不動産投資の直結に不可欠なキャッシュフローの黒字化。

頭金の準備やローン条件の見直し、物件選びなど、購入前に行うべきステップを押さえておくことで、購入後のリスクを軽減し、安定したキャッシュフローを確保できます。

この章では、購入前に行うべき具体的な対策について解説します。

1.なるべく多く頭金を準備する

まずは、多くの自己資金を準備することです。

先述の計算例でも紹介した通り、頭金を多く準備することで借入額を減らし、毎月のローン返済額を抑えることが可能です。これにより、キャッシュフローをプラスにしやすくなります。

また、頭金が多いほど融資審査にも有利に働きやすく、低金利での借入ができる可能性が高まります。

2.低金利で借入する

固定費となるローン金利も、キャッシュフローに大きく関わります。

低金利で借入を行うことで、毎月のローン返済額を抑え、キャッシュフローをプラスにしやすくなります。

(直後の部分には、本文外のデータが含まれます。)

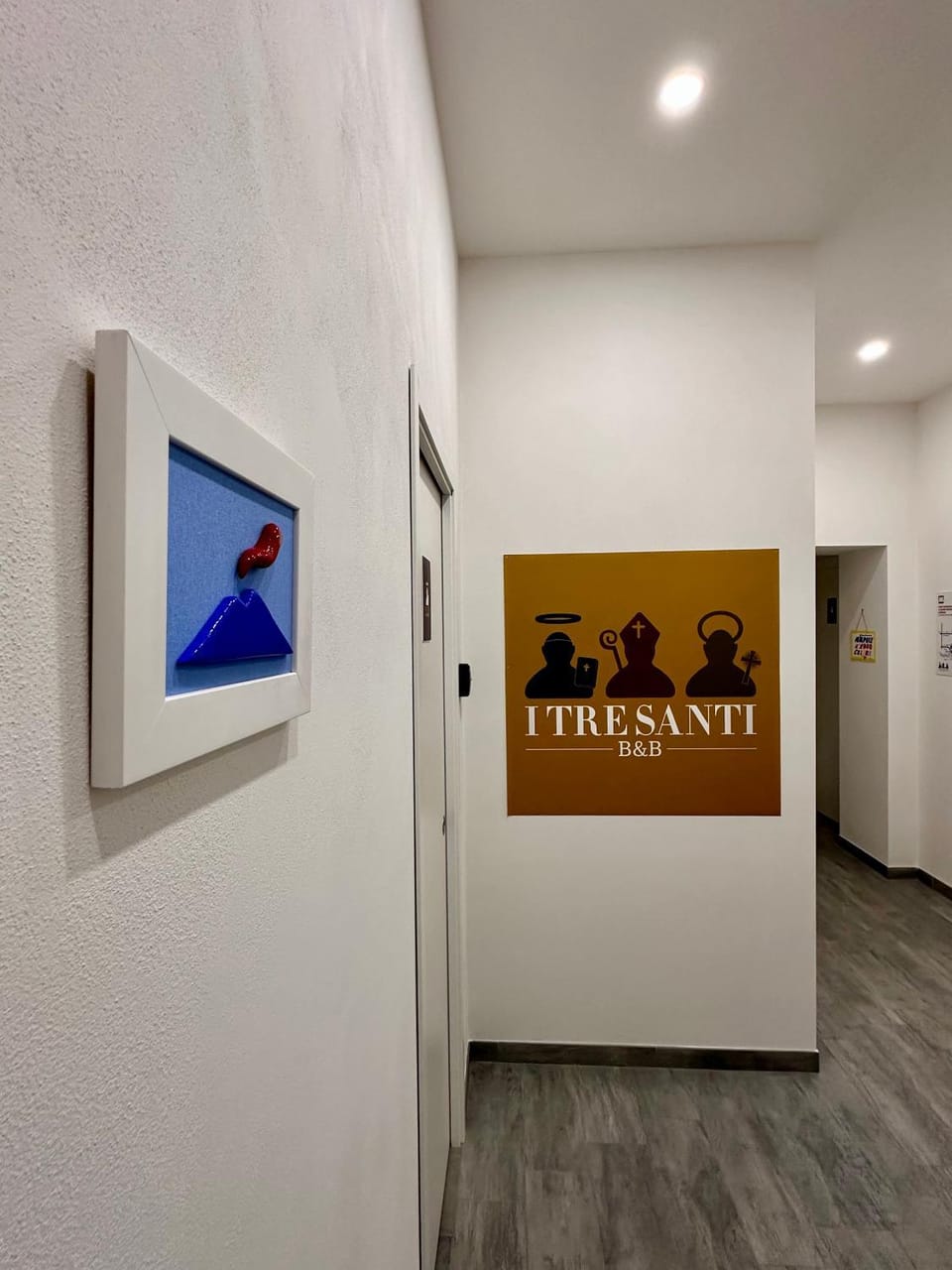 B&B I TRE SANTI Bed and Breakfast in Naples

特に高額な借入をする場合、手残りに大きな差が生じます。

例えば、アパート経営で6,000万円の借入を25年で返済する場合、金利2.0%とすると毎月の返済額は254,310円です。しかし、金利2.5%とすると毎月の返済額は269,168円に上昇します。

アパート経営は借入額が大きくなりやすいので、わずかな金利差でも返済額に大きく影響してしまいます。

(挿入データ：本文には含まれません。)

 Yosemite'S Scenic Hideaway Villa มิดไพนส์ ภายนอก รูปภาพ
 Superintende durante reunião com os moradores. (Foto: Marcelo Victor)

そのため、購入前に金融機関の金利を比較し、できる限り有利な条件での借入を目指しましょう。

3.ローンの返済期間を長くする

ローンの返済期間を長く設定することで、毎月の返済額を抑えることができ、キャッシュフローをプラスにする効果があります。

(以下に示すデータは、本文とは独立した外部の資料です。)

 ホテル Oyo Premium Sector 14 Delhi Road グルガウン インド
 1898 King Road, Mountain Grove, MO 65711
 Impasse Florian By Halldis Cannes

先述の条件では、6,000万円の借入を金利2.0%、期間25年で返済する場合、毎月の返済額は254,310円でした。この期間を30年に長くすると、毎月の返済額は221,769円になります。

返済額が低くなることにより、毎月のキャッシュフローに余裕が生まれます。

ただし、返済期間が長くなる分、総返済額が増えることにも考慮が必要です。返済期間の設定は、キャッシュフローの安定性と将来的なリスクバランスをよく考えて決めましょう。

4.管理会社の比較をする

物件管理を依頼する管理会社の選定は、キャッシュフローに直接的な影響を与えます。

特に、管理費用やサービス内容は複数の会社を比較し、知識・実績ともに豊富で信頼できる管理会社を選ぶことが大切です。インターネットの口コミ評価などを参考にしてみるのもおすすめです。

信頼できる管理会社を選ぶことで、修繕やメンテナンスの費用も適正価格で行われ、予期せぬ出費を抑えることができます。

管理委託契約を締結すると、契約解除したいと思っても違約金が高くなる可能性がありますので、管理会社選びは慎重に決定しましょう。

5.中古の投資物件を購入する

投資物件で中古物件を選択することは、キャッシュフローをプラスにするための効果的な方法です。

新築物件に比べて購入価格が低いため、頭金や借入額を抑えられ、初期費用の負担が軽減されます。

不動産投資に関する調査データでも、新築より中古物件は利回りが高いことが公表されています。


不動産投資でキャッシュフローをプラスにするには(購入後)

キャッシュフローをプラスに保つためには、繰り上げ返済や金利交渉、物件の管理改善など、物件購入後も継続的な努力が必要です。

本章では、購入後に行うべき具体的な対策について解説します。

1.繰り上げ返済をする

繰り上げ返済は、キャッシュフローをプラスにする有効な方法です。

ローンの元金を早めに返済することで、毎月の返済額が減少し、キャッシュフローが改善されます。余裕資金がある場合は、積極的に繰り上げ返済を検討すると良いでしょう。

また、元金を減らすことで、将来的な金利負担も軽減されるため、長期的に見ても投資の収益性が向上します。

ただし、繰り上げ返済には手数料がかかる場合もあるため、事前に確認してから行うことが重要です。

2.金利交渉や借り換えを検討する

ローンの金利交渉や借り換えを検討することで、毎月の返済額をさらに抑え、キャッシュフローをプラスに保つことができます。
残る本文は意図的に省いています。